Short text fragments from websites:
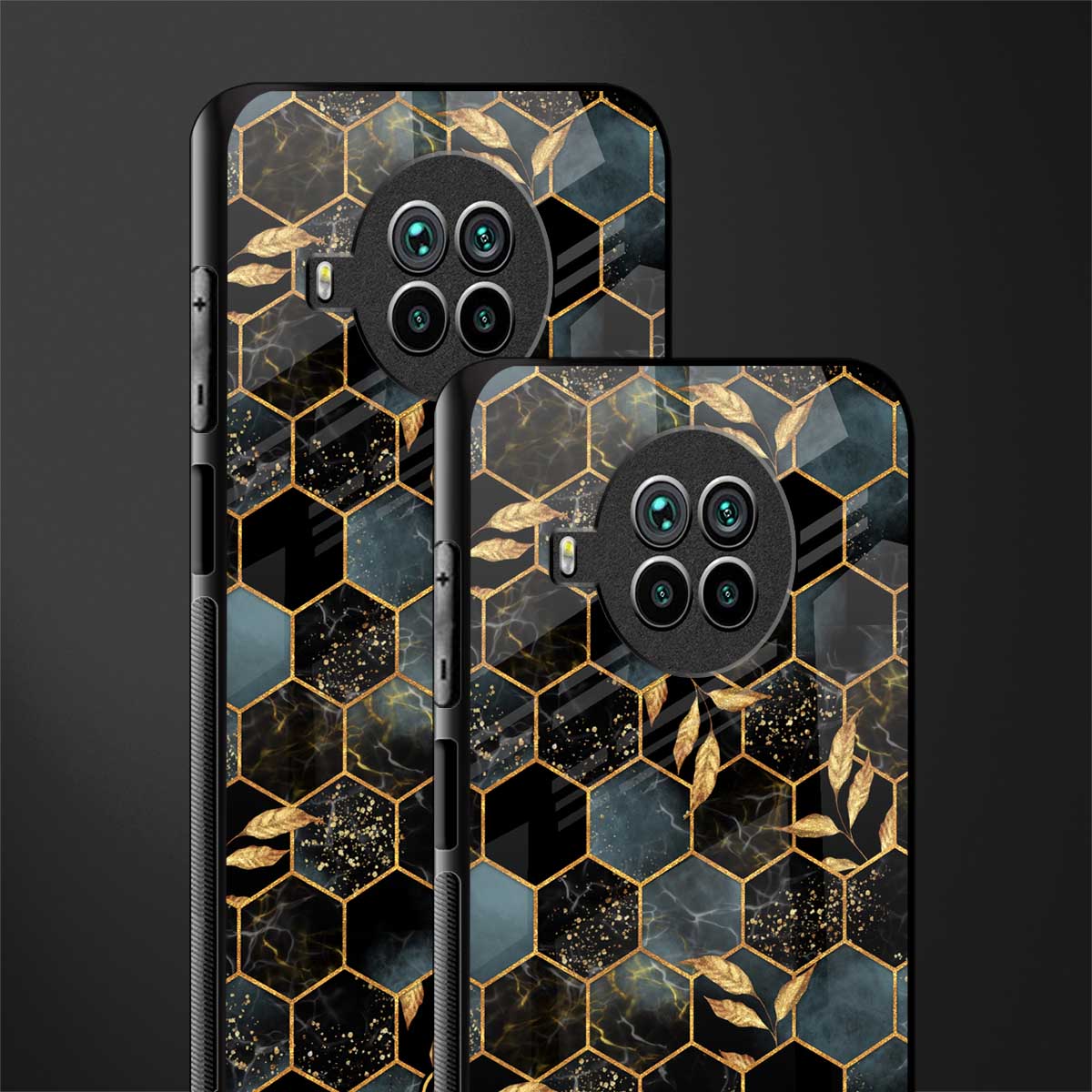 black blue tile marble glass case for mi 10i image-2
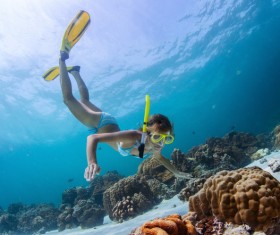 Diving woman Stock Photo 02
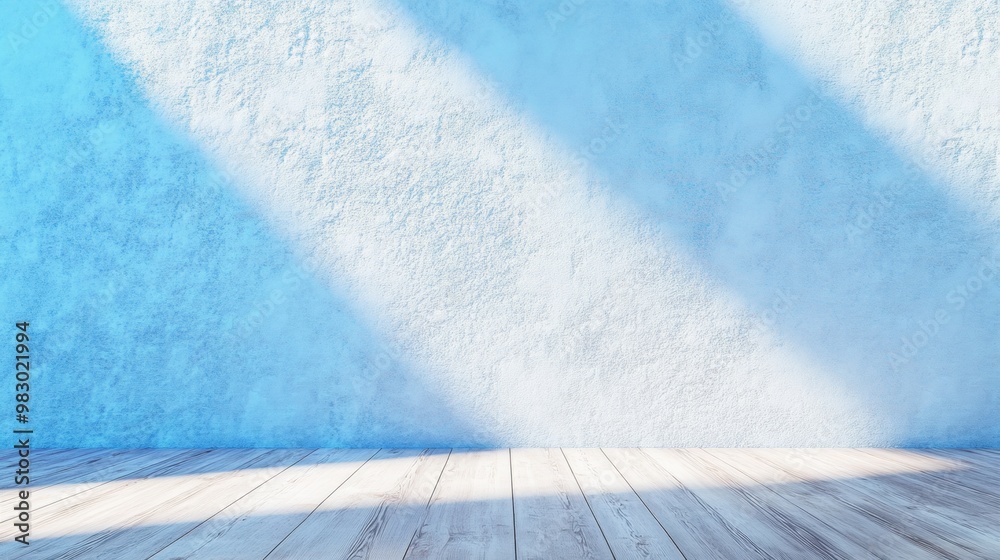Poster interior wooden floor and frosty blue concrete wall with subtle light and shadows in a calm and sere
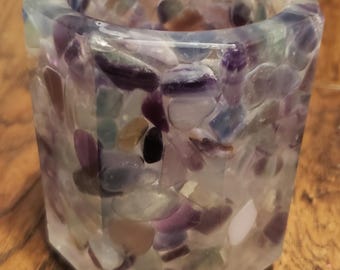 Fluorite Stone Make up Brush Holder, Pen Holder, Candle Holder, Housewarming Gift, Bathroom Decor, Home Decor, Gift for Mom, Gift for Her
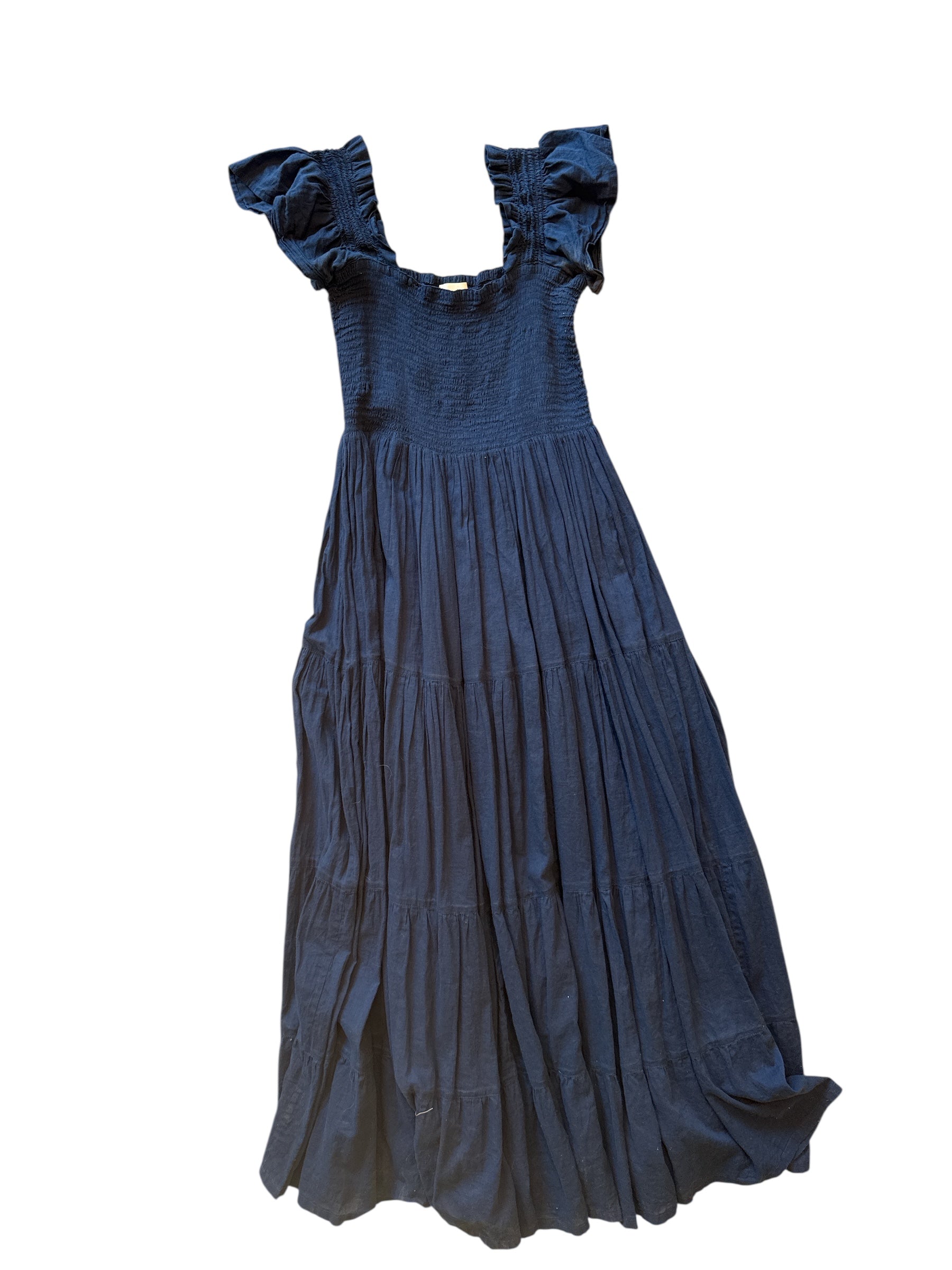 Navy Lilbelle Smocked maxi dress, O/S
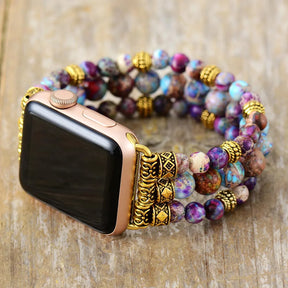 Mystical bracelet for SmartWatch; Jasper stone bracelet; Apple Watch accessory; Handcrafted gemstone jewelry; Unique spiritual smartwatch band; Artisan-crafted bracelet; Natural jasper stones; Healing energy bracelet; Stylish smartwatch strap; Gift for tech and spirituality enthusiasts; Bracelet for grounding and stability; Beautiful beaded bracelet; Unique spiritual gift; Bracelet for intention setting; Ethically sourced materials; Jasper for emotional balance;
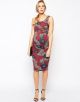 Maternity Exclusive Body-Conscious Dress With Side Draping In Winter Floral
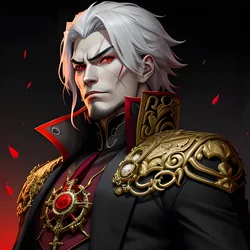 AI image generated from prompt: "an anime villain portrait with dramatic low-key lighting, sharp smirk, ornate coat, crimson accents, high contrast, intimidating aura" — ReV Animated model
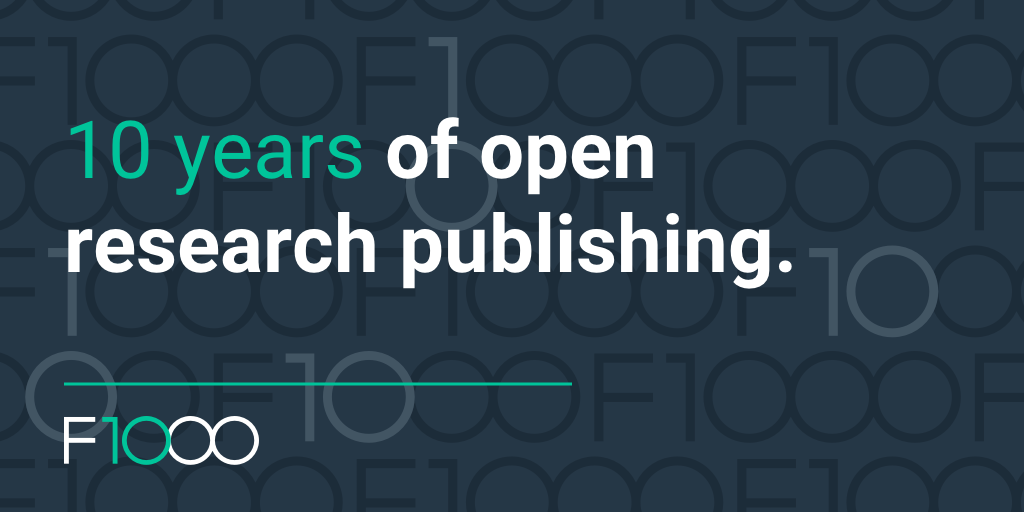 Image description: dark background with repeated F1000 logo and white text. Text reads: 10 years of open research publishing.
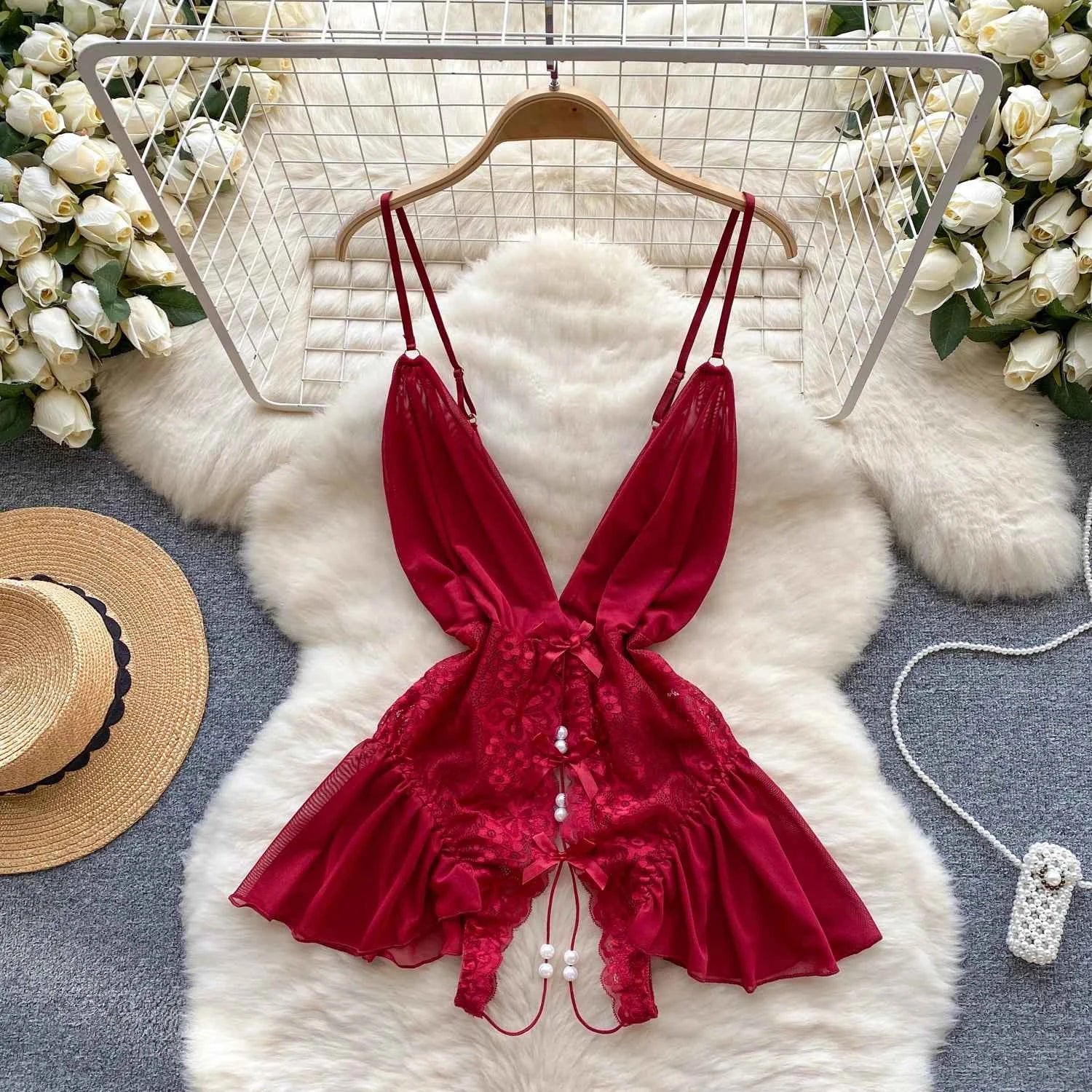 Girls Sexy Cute Japanese JK Uniform  Mini Checkered Strap Skirt Off Shoulder High Waist Elastic Cosplay Dress Hot Sweet Pajama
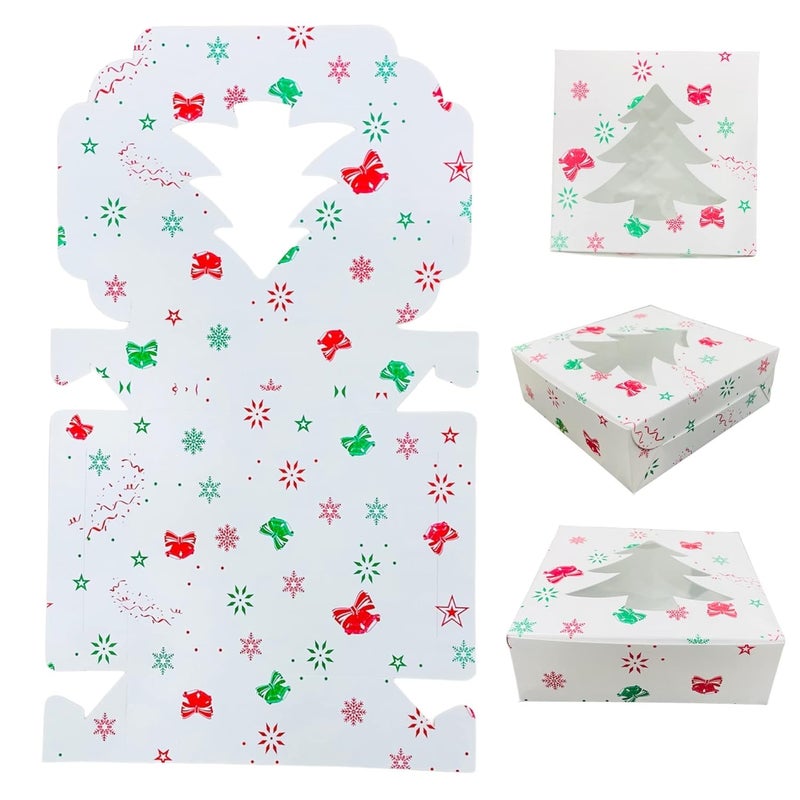 BIG BOX صندوق كبير 20 قطعة لعيد الميلاد 6 × 6 × 2 بوصة لصندوق هدايا المخبوزات لحفلة عيد الميلاد المفضلة للحلويات الكعك البسكويت البراونيز الدونات هدايا - Image 1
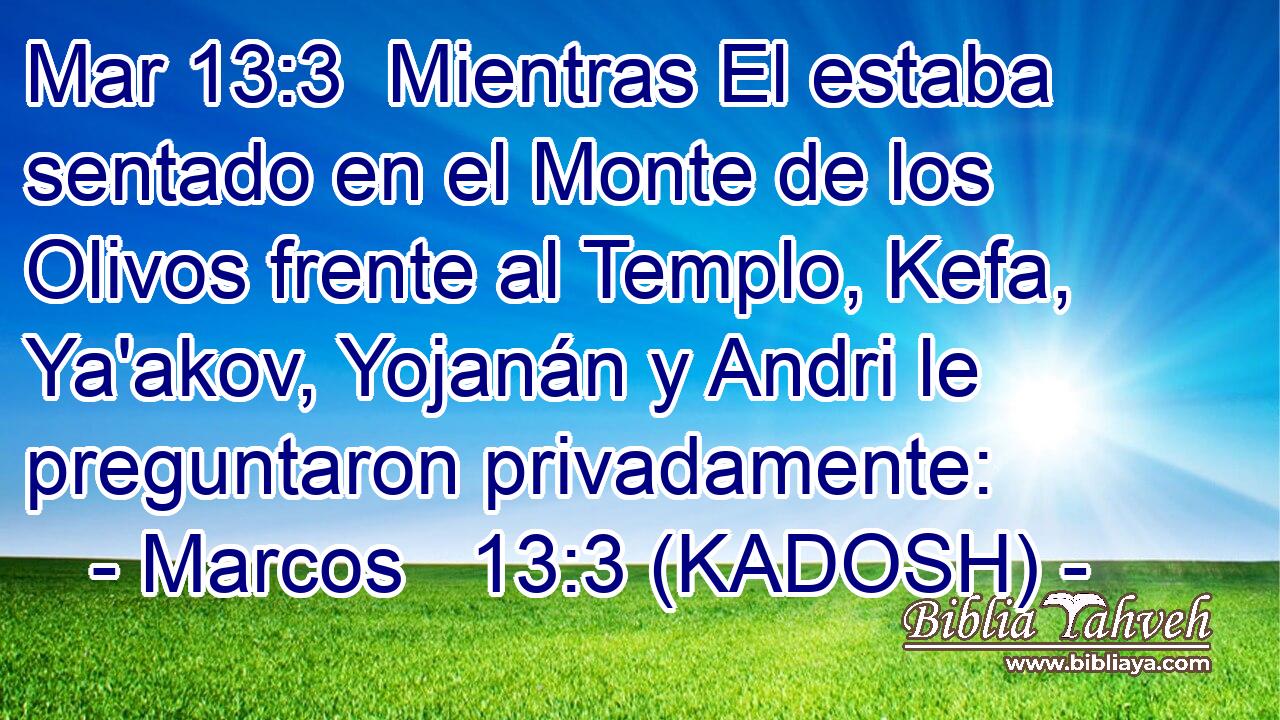  Mientras El estaba sentado en el Monte de los Olivos frente al Templo, Kefa, Ya'akov, Yojanán y Andri le preguntaron privadamente: 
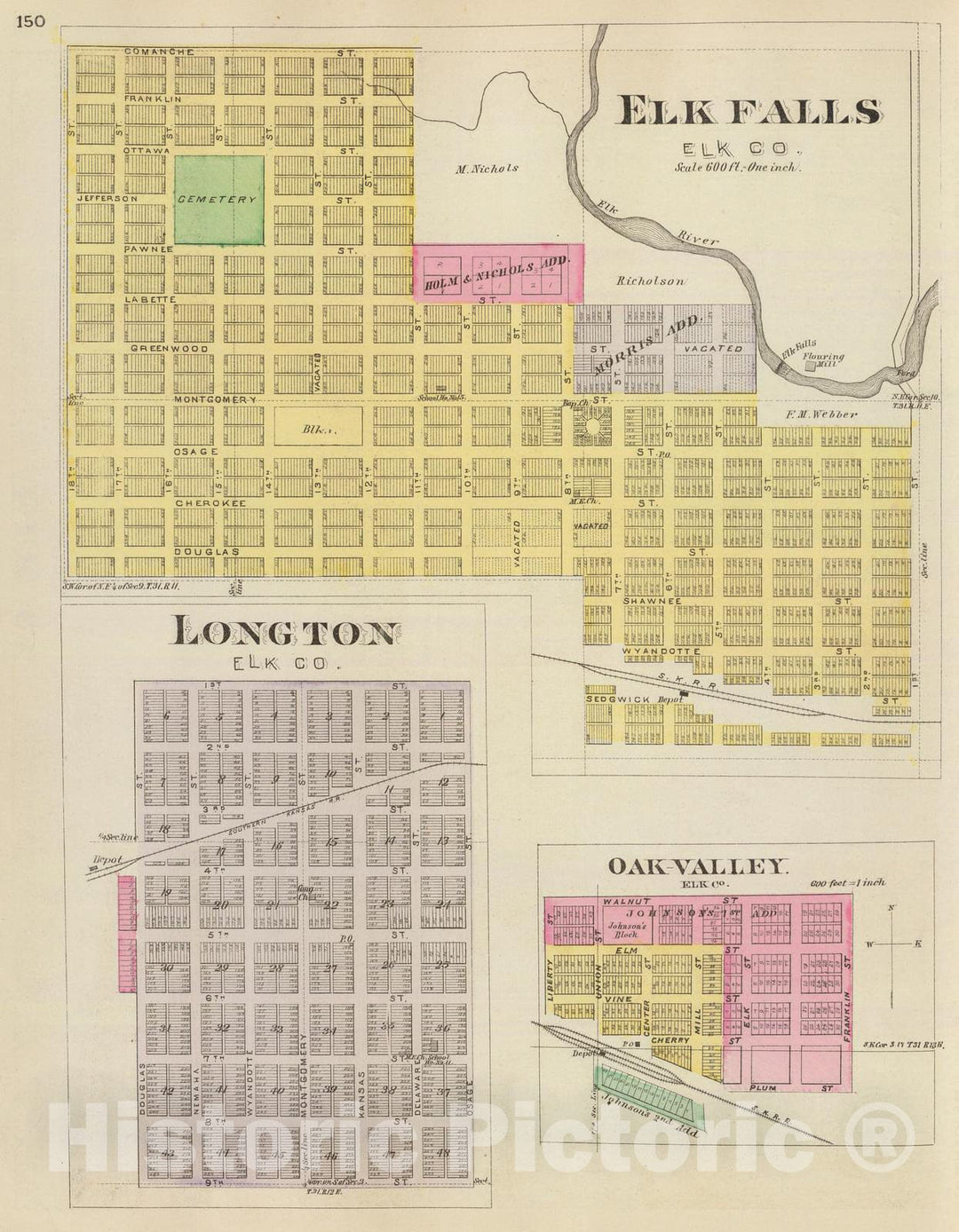 Historic Map : 1887 Elk Falls, Longton, Oak-Valley. - Vintage Wall Art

## [TASK TO CARRY OUT]
Given the records above, return the lines starting at the one that holds "Image description: dark" and ending at the one that holds "Girls Sexy Cute", exactly, and nothing besides; leave every picture out.

## [RESULT]
 Image description: dark background with repeated F1000 logo and white text. Text reads: 10 years of open research publishing.
 Girls Sexy Cute Japanese JK Uniform  Mini Checkered Strap Skirt Off Shoulder High Waist Elastic Cosplay Dress Hot Sweet Pajama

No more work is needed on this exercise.